[clang] [Serialization] Load Specializations Lazily (PR #76774)

Mon Jan 15 23:51:46 PST 2024

vgvassilev wrote:

> @dwblaikie do you have any memory of what caused regressions on the last try in the first place? Do we happen to do more work for compiles with many files because we accidentally push some computations further down the dependency tree and have to duplicate it instead of reading results from some common module?

The first version of that patch worked well. It reduced the memory footprint of the compiler jobs by roughly 30% for the larger workflows, however, we used to store the template specialization argument hashes into an array. That became a problem for Google as it has thousands of modules the compile-times slowed down because the search became quadratic. Some more details were given by Richard here: https://reviews.llvm.org/D41416#968968.

This patch stores the template specialization arguments into a hash table and the search becomes constant (or close to a constant with the on-disk hash table we use). However, we still wanted to hear back from you guys before moving forward.

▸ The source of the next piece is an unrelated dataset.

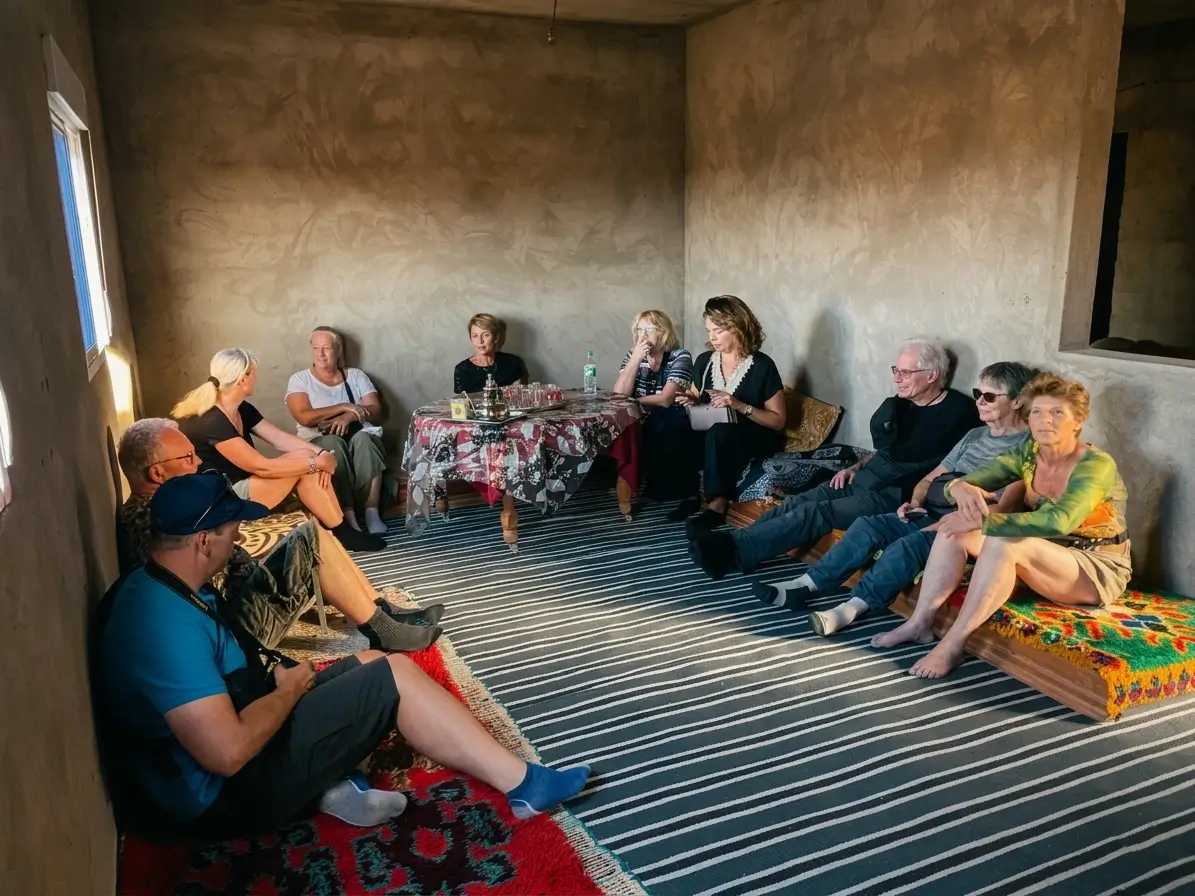 Tourists Relaxing in Traditional Moroccan Berber Home Lounge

In terms of debugability, I think it does not make things worse than anything else in clang modules. For example, we use the same approach for handling DeclContext's identifier tables across modules. Every module has a mapping between a DeclContext and a set of identifiers. The on-disk hash table collects the identifiers for the same entities and calls condense into a single hashtable if a threshold value is exceeded. We model the template specializations in a similar way. In case there is a template argument collision we deserialize both specializations and let clang decide which one needs to be used. In turn, that does not affect correctness but does require some more work which is fine compared to the status quo.

In terms of correctness, our internal forks have https://reviews.llvm.org/D41416 for years it worked well for us on a code bases ~50MLOC. I expect this patch to improve the build times of the sparsely used modules at Google dramatically.

https://github.com/llvm/llvm-project/pull/76774